Paul Johnson Managing Director / Lead code monkey, Rubicon Development

1,219 2,667 2.2
Can't disagree with anything he said, and that's a damned shame for both the companies involved and the punters on the receiving end.

Looking at our own earnings, it's almost perfectly the case that the bigger the game we made, the less money it earned - and not as a proportion but an absolute. So there is actual real world pressure here just to knock out shite app after shite app and simply hope for the best. There's only so long you can resist that fact on moral grounds, especially if your mortgage depends on it.

Posted:A year ago

#1

Pete Leonard , Amiqus

41 20 0.5
Sorry about that Paul. Pretty clear from previous posts and your efforts (and love for!) GLWG that the approach you mention is not one you want to take, but may have to commercially potentially? Where do you think this is going to leave the industry in the next few years?
The barrier to entry is so low that enthusiasts can make a break and form their own company and if the product is quality then it can be very rewarding - Tom Francis and White Paper Games are two very pertinent examples.

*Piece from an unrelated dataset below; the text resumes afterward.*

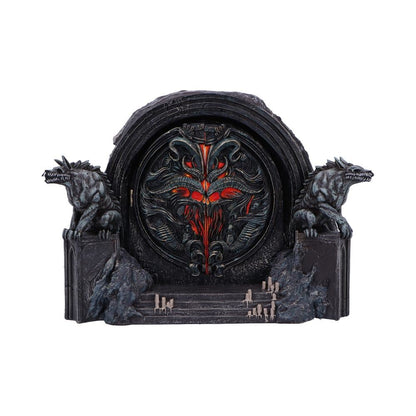Nemesis Now Diablo IV Hells Gate Box 8.5-Inch Collectible - View 3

However it cannot be ignored that there are simply too many mouths to feed right now - and that can only go one way.

Posted:A year ago

#2

Paul Johnson Managing Director / Lead code monkey, Rubicon Development

1,219 2,667 2.2
Actually, we're still full time developing Combat Monsters at the moment - our biggest title by bloody miles and also our poorest earner by miles. I admit that this makes as much commercial sense as its lack of audience does (to me), but I'm determined not to end my career making shite.

Of course, the eventual outcome here may not be down to me!

EDIT: Sorry, forgot to actually answer your question:
Where do you think this is going to leave the industry in the next few years?
It's not about "in a few years" imo. It's here now and cannot get any worse for small indies on any platform, it's just that many have not had the balls to say it out loud to themselves yet.

We (indies) had a good run for a while, but the party is well and truly over. In short, a good mobile game that doesn't go meteoric won't even pay the UK minimum wage to its developers for the time it took to make it. Anyone starting up in the market now, without massive marketing muscle, isn't looking "cool and right on" anymore, they just look naieve.

Sorry that was a bit bleak. I don't really do pie-eyed dreamer stuff, too old.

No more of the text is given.